**DATA BLOCK**
------------------------------

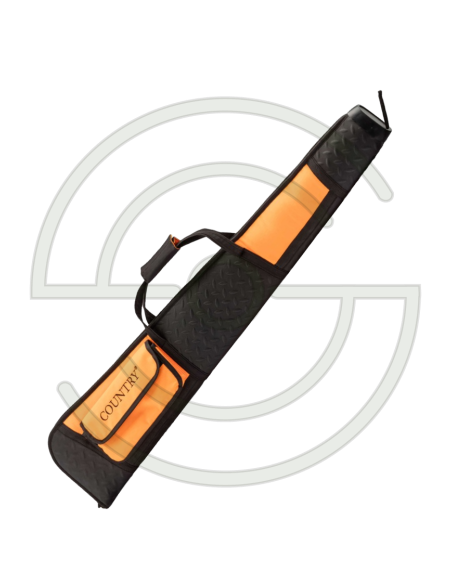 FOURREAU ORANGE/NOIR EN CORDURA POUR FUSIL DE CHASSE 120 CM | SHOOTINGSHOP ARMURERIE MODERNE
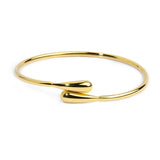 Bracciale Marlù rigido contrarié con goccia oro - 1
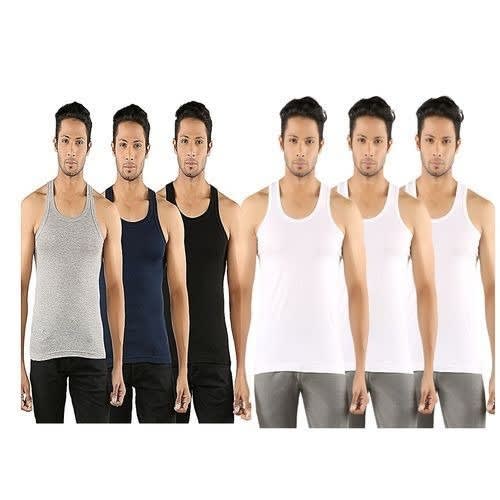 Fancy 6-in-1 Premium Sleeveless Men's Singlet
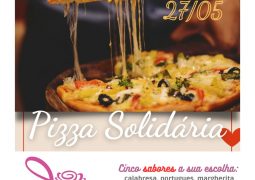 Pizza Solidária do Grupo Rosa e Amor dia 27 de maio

------------------------------

**PROBLEM DESCRIPTION**
For the data above, return an exact copy that contains no pictures.

**RESULT**
 FOURREAU ORANGE/NOIR EN CORDURA POUR FUSIL DE CHASSE 120 CM | SHOOTINGSHOP ARMURERIE MODERNE
 Bracciale Marlù rigido contrarié con goccia oro - 1
 Fancy 6-in-1 Premium Sleeveless Men's Singlet
 Pizza Solidária do Grupo Rosa e Amor dia 27 de maio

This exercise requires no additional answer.